Exercise goal: The response should repeat word for word every line below from the one with "318 Guglielma Springett Drive photo 45" to the one with "Aurum Парфюмерная вода", inclusive, and nothing else; leave pictures out.

Source data:
☆ ☆ ☆ ☆

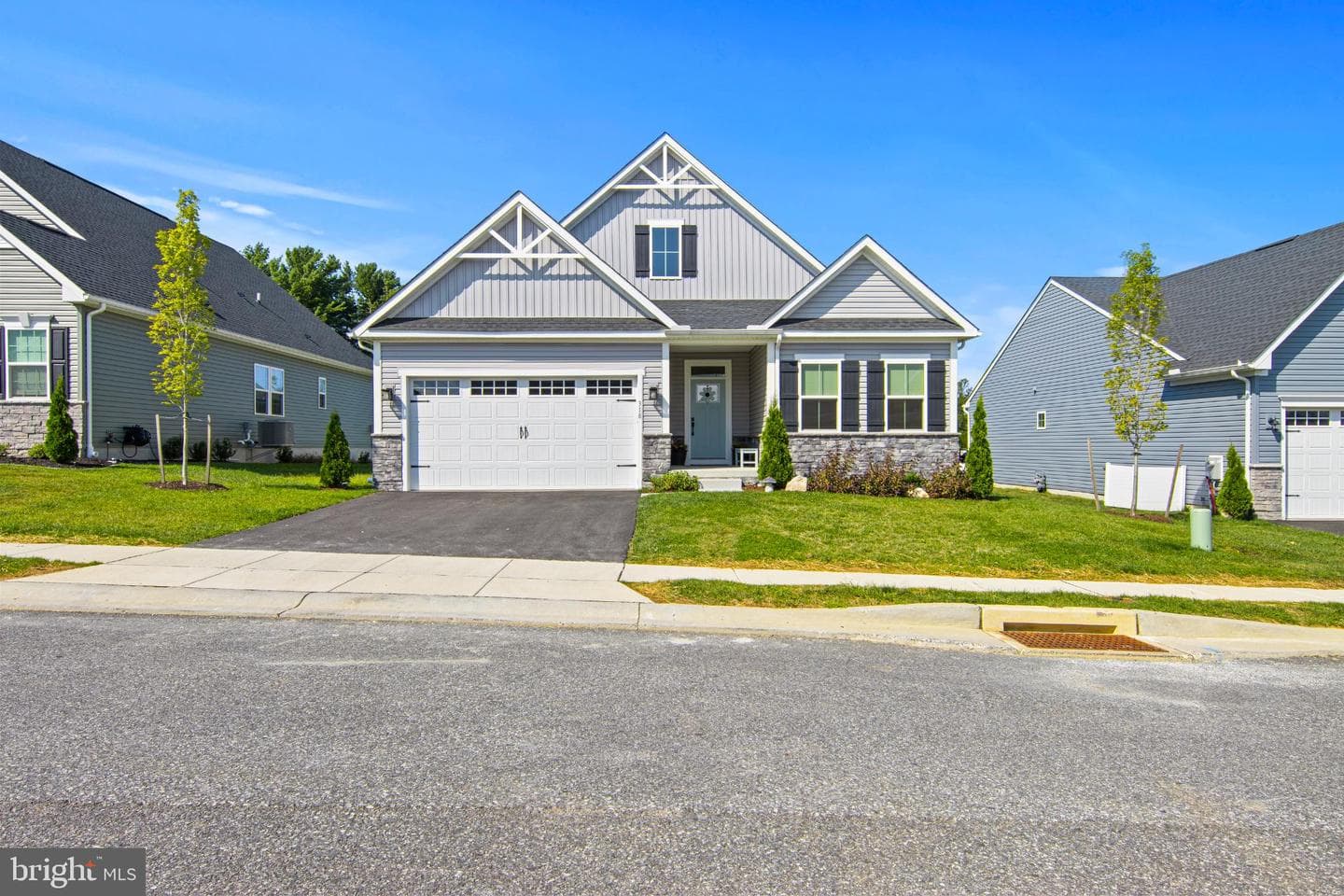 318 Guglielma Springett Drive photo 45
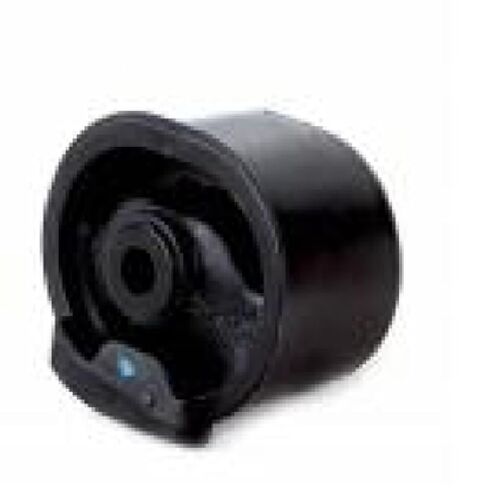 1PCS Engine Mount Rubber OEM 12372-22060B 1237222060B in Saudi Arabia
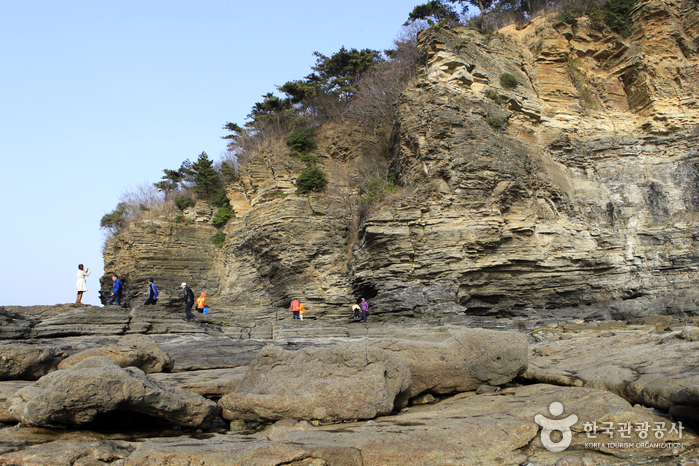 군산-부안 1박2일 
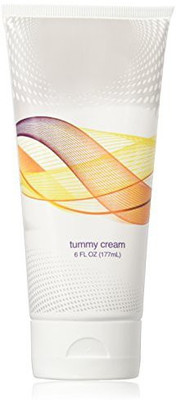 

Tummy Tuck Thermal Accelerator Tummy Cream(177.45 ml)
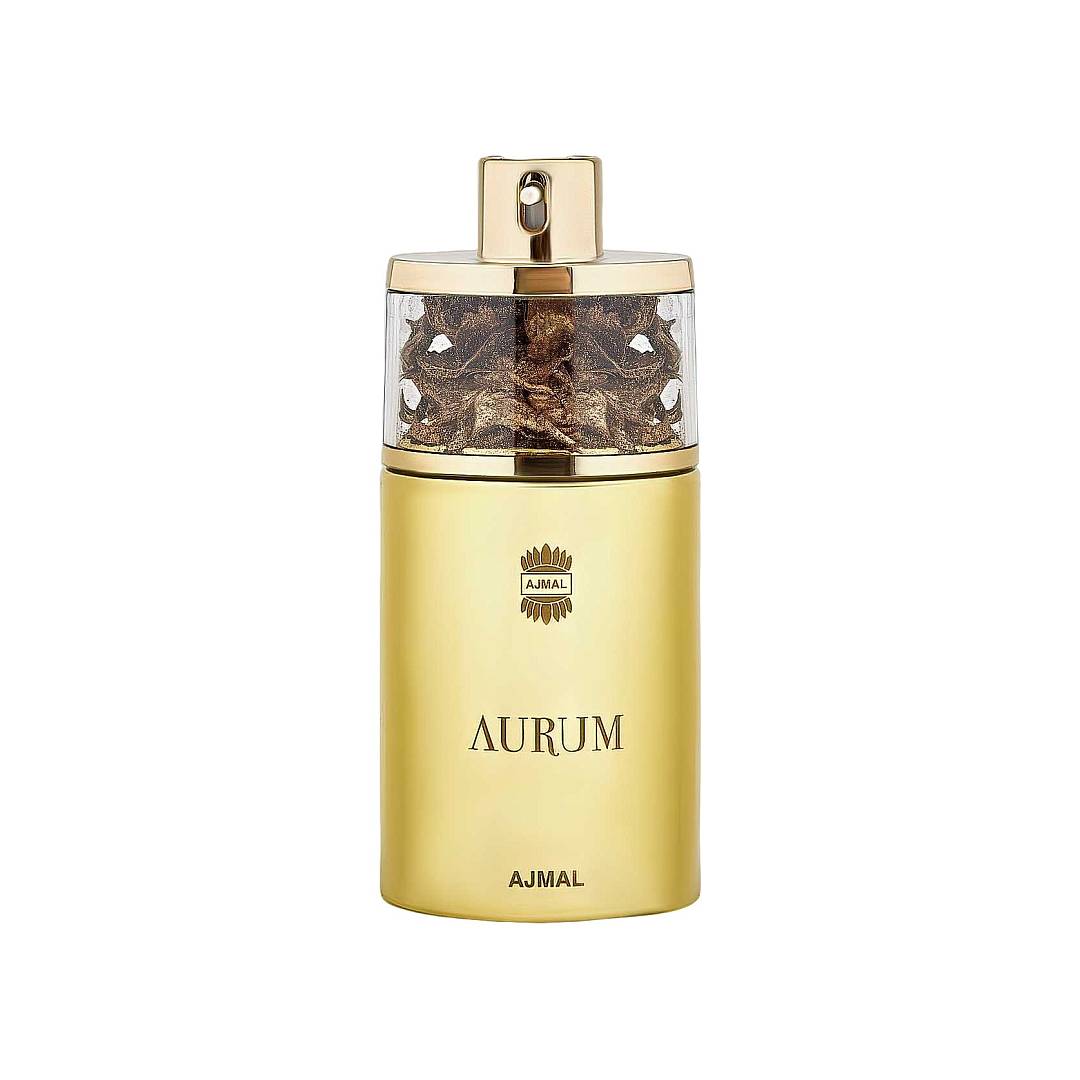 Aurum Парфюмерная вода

☆ ☆ ☆ ☆

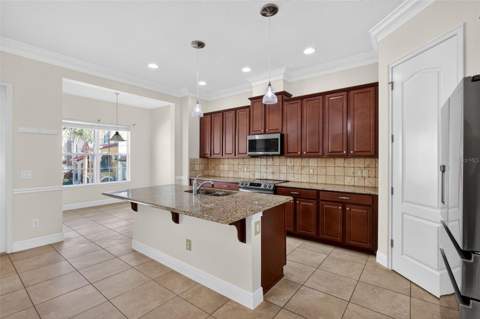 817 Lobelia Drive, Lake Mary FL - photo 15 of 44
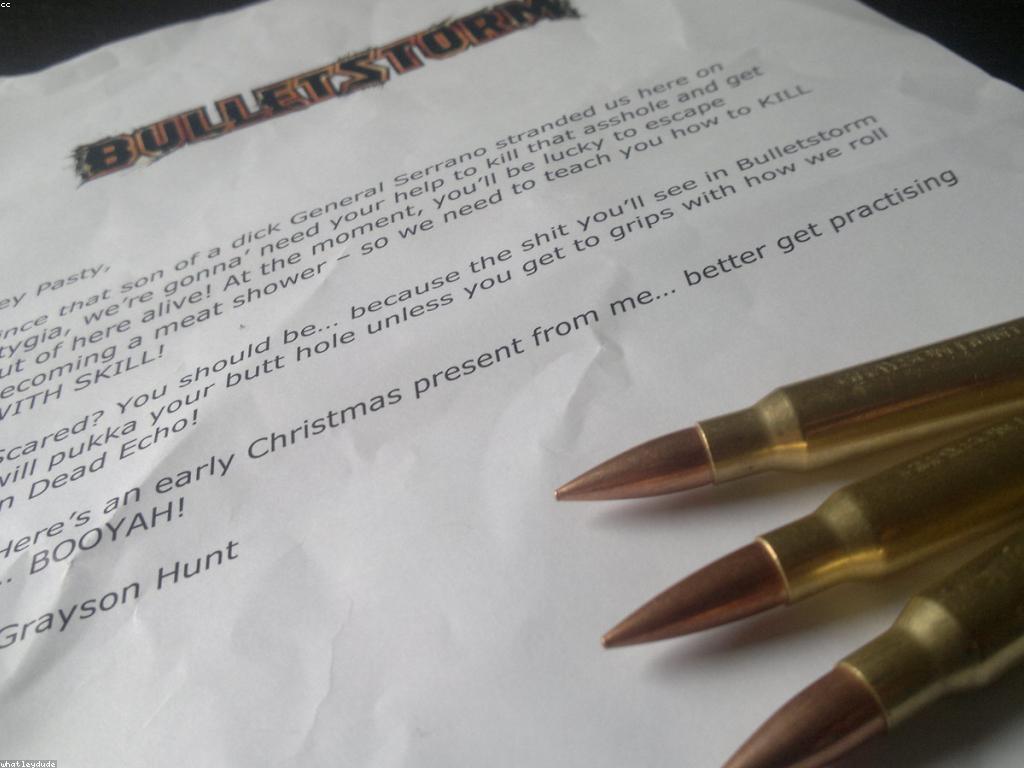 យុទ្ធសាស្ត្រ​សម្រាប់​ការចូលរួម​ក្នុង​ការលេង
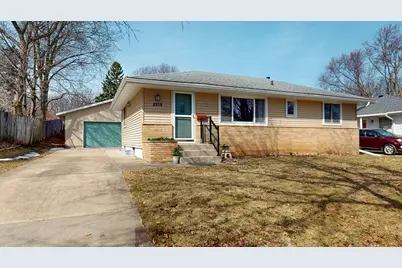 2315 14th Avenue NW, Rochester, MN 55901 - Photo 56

☆ ☆ ☆ ☆

Output for this exercise:
 318 Guglielma Springett Drive photo 45
 1PCS Engine Mount Rubber OEM 12372-22060B 1237222060B in Saudi Arabia
 군산-부안 1박2일 

Tummy Tuck Thermal Accelerator Tummy Cream(177.45 ml)
 Aurum Парфюмерная вода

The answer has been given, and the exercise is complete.